CALABANGA, Camarines Sur―Help is finally within arm’s reach in the remote village of Punta Tarawal, a month after Vice President Leni Robredo chose its leader, Ronaldo Coner, to officiate her oath of office.
On Saturday, Robredo returned to the seaside village in Calabanga town, one of the poorest in Bicol, and relayed to Coner, the barangay chair, the good news that several projects had already been lined up to help the more than residents there.
There is no road connecting the community to the town center and no potable water for its people.
The road, Coner said, could wait. Building it through mangroves and nipa palm trees poses a challenge to the government, he said.
Water supply, however, is coming soon.
Robredo said since the time Punta Tarawal was featured during her June 30 inauguration, several groups, including high school classmates of former President Benigno Aquino III at Ateneo de Manila University, had responded to the plea of the village.
Agap (Aklat, Gabay, Aruga tungo sa Pag-angat at Pag-asa) will build a two-story classroom for Punta Tarawal Elementary School, according to its trustee and Aquino’s classmate, Eddie Galvez.
Since it was founded in 2010, Agap has been building classrooms equipped with a library and bathroom. To date, it has built 1,070 classrooms all over the country.
Galvez said it would take three months to build the classroom, furnish it and stack its shelves with 350 books.
Only 51 pupils are attending multigrade classes in the school, said head teacher Julius Guerrero. They include six in kindergarten, five in Grade 1, six in Grade 2, four in Grade 3, nine in Grade 4, 11 in Grade 5, and 10 in Grade 6.
Guerrero said he and another teacher were handling the multigrade classes, and a third would join the staff soon.
The school compound has an area of 1,000 square meters and is surrounded by mangroves and nipa. It has two buildings and a condemned one.
Robredo said she had suggested a new two-story classroom building which could also function as an evacuation center during calamities.
Punta Tarawal is not ideal as a residential area because of it is vulnerable to storm surges, she said. But residents do not want to be relocated because they depend on the sea for their livelihood.
“There are so many problems here because of its location,” Robredo said. Construction of a seawall in the village will not be finished this year, but that of a covered court, which can be used for community events, will start soon, she said.

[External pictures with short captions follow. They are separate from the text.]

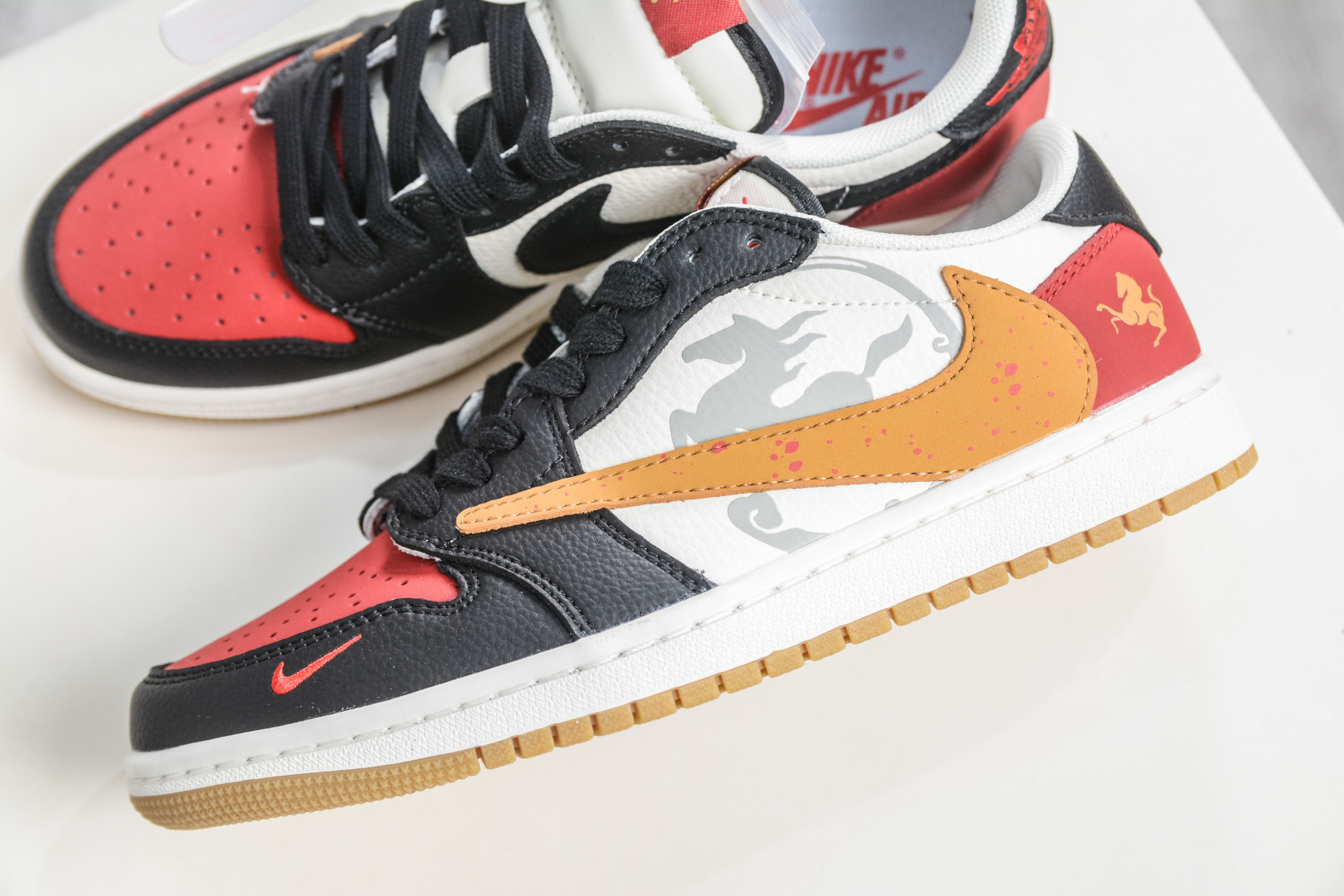 TS x Nike Air Jordan 1 Low 马年限定 白黑红金 DZ2688-128 TS x Nike Air Jordan 1 Low 马年限定 白黑红金 DZ2688-128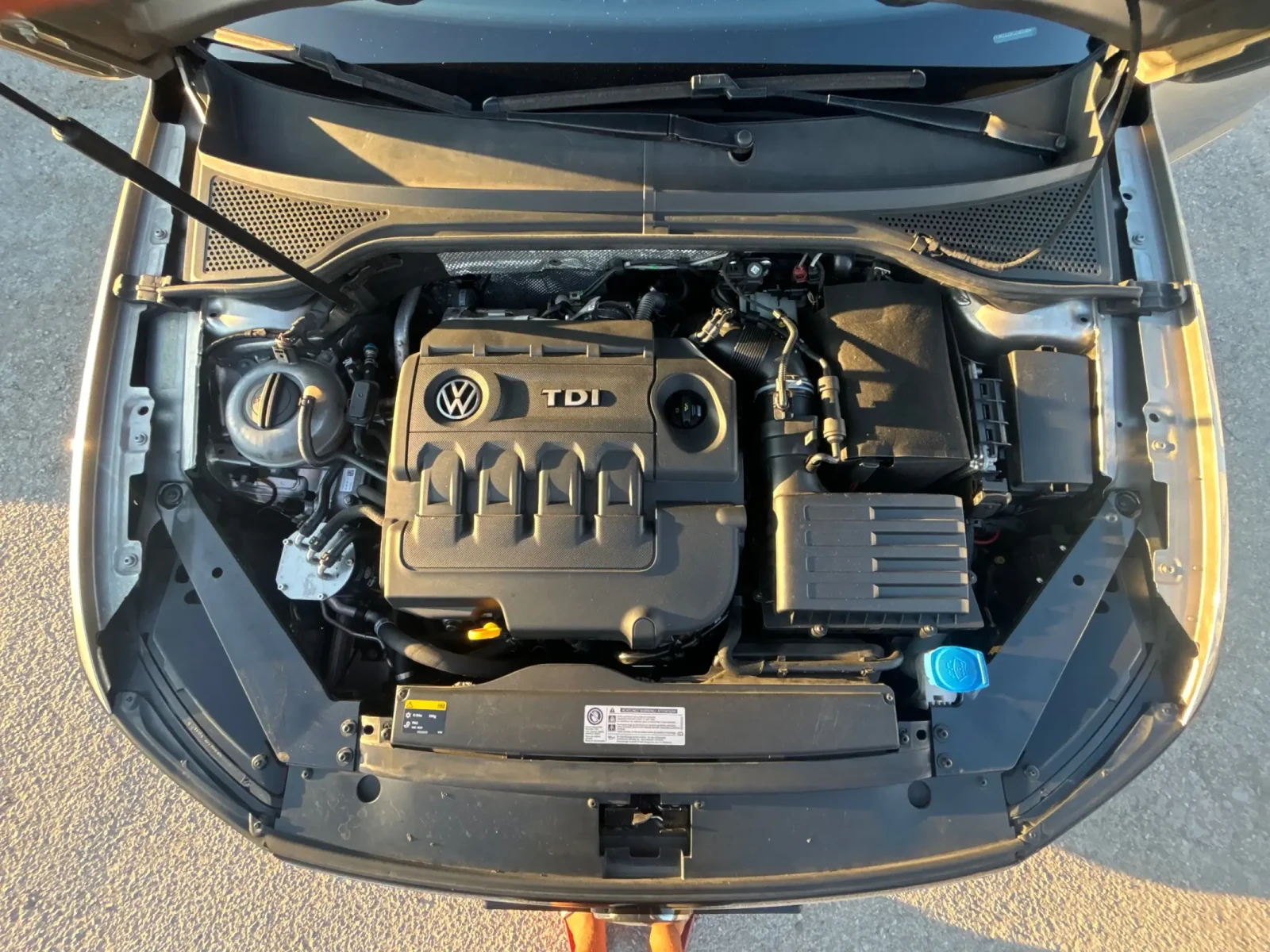 VW Passat DSG / Euro 6 / Италия / ТОП Състояние - изображение 9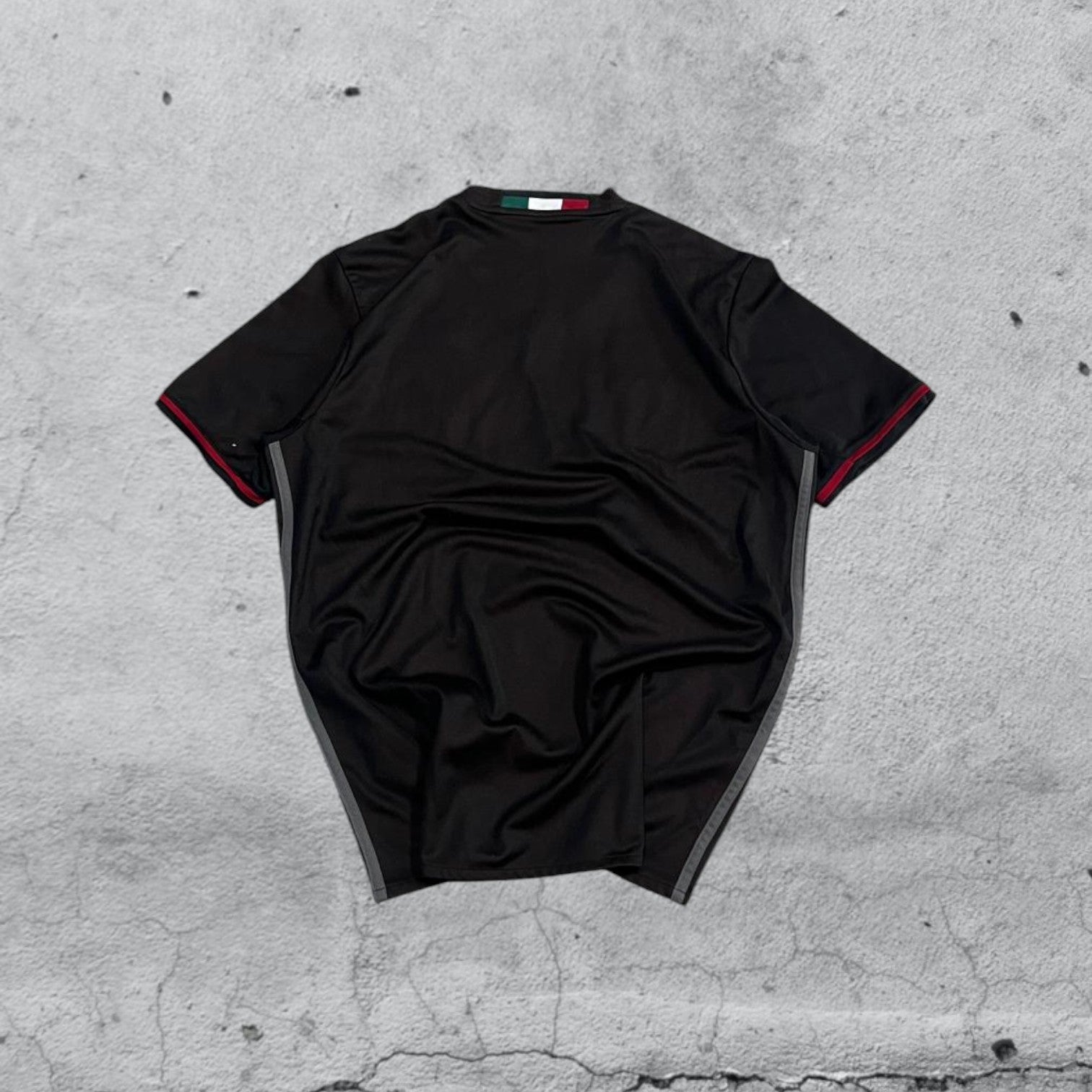 T-Shirt Adidas x Milan Football Vintage Y2K 90s 2000s American Style (M)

To ensure potable water to the community, the Vice President said she had talked to Calabanga Water District to connect Punta Tarawal to the town’s water system. The effort will cost about P19 million, she said.
At present, villagers are spending P12 for every 20-liter container of water―P5 for the water and P7 for delivery cost. Each household consumes an average of five containers a day or the equivalent of P60, a steep amount for the residents.